Excerpts from a dataset:
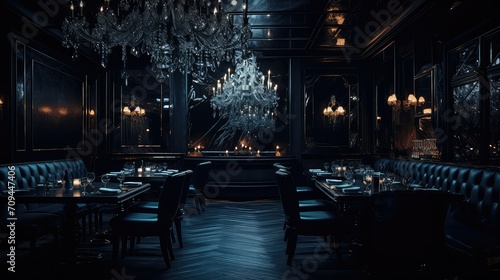 mood dark restaurant background illustration dim shadow, cozy elegant, romantic mysterious mood dark restaurant background © vectorwin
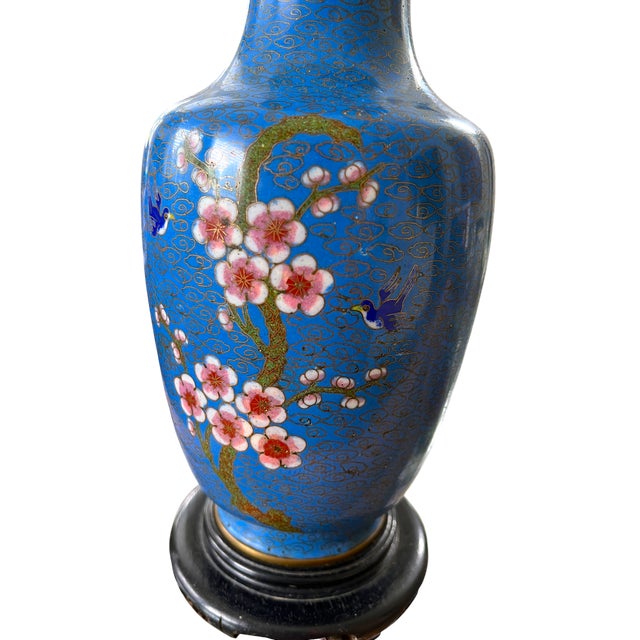 Early 20th Century Antique 19th Century Chinese Cloisonné Vase Lamp With Cherry Blossoms & Swallows on Cobalt Blue Ground, 18" For Sale - Image 5 of 15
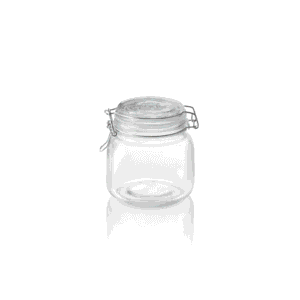 Opbevaringsglas – 0,65 liter – Ø9 cm – højde 12 cm – glas – rustfrit stål – silikone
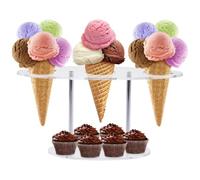 Ice Cream Cone Holder - 3.74in 3 Holes Clear Acrylic Cone Holder Stand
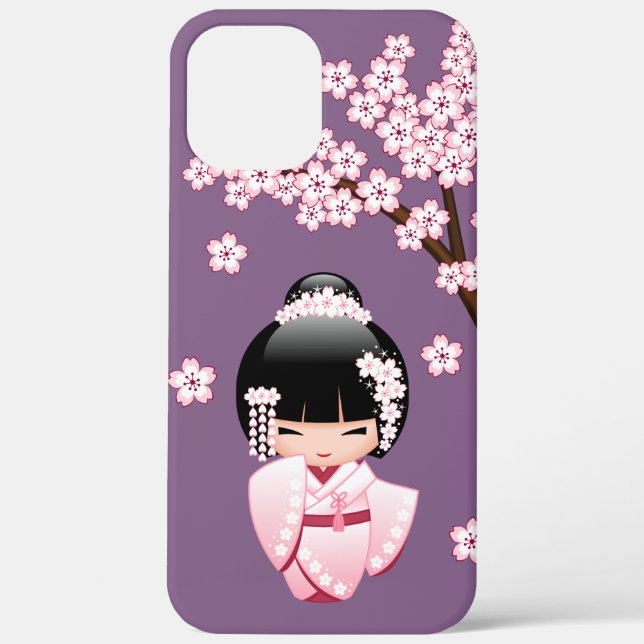 Coques Case-Mate iPhone Kokeshi Doll en kimono rose sur fond violet (Verso)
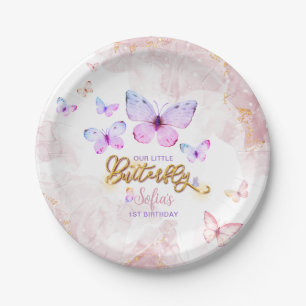 Assiettes En Carton Papillon premier anniversaire fille 1er rose viole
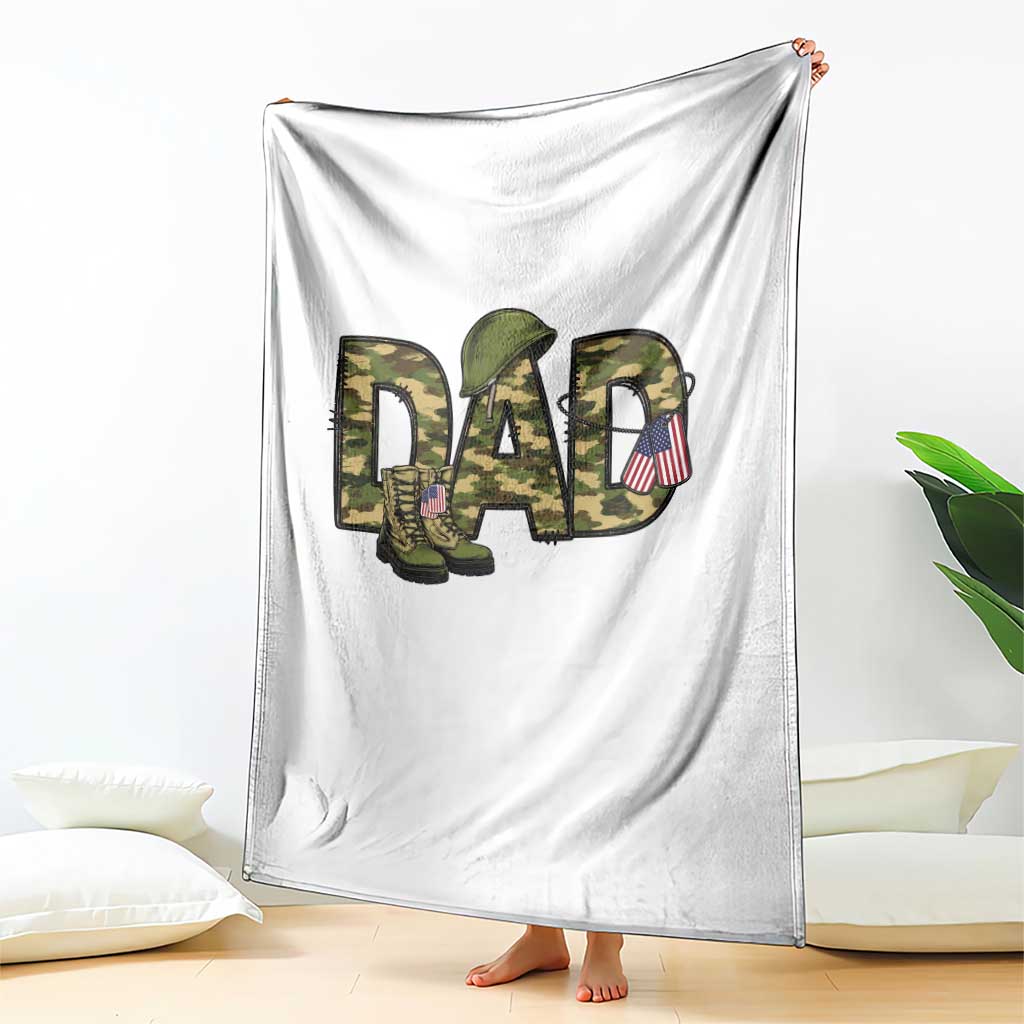 Proud Army Dad USA Flag Camo Throw Blanket Fathers Day Gift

§ **TASK TO COMPLETE**:
Exact copies of all the entries are needed; output them without the pictures.

§ **WRITTEN REPLY**:
 mood dark restaurant background illustration dim shadow, cozy elegant, romantic mysterious mood dark restaurant background © vectorwin
 Early 20th Century Antique 19th Century Chinese Cloisonné Vase Lamp With Cherry Blossoms & Swallows on Cobalt Blue Ground, 18" For Sale - Image 5 of 15
 Opbevaringsglas – 0,65 liter – Ø9 cm – højde 12 cm – glas – rustfrit stål – silikone
 Ice Cream Cone Holder - 3.74in 3 Holes Clear Acrylic Cone Holder Stand
 Coques Case-Mate iPhone Kokeshi Doll en kimono rose sur fond violet (Verso)
 Assiettes En Carton Papillon premier anniversaire fille 1er rose viole
 Proud Army Dad USA Flag Camo Throw Blanket Fathers Day Gift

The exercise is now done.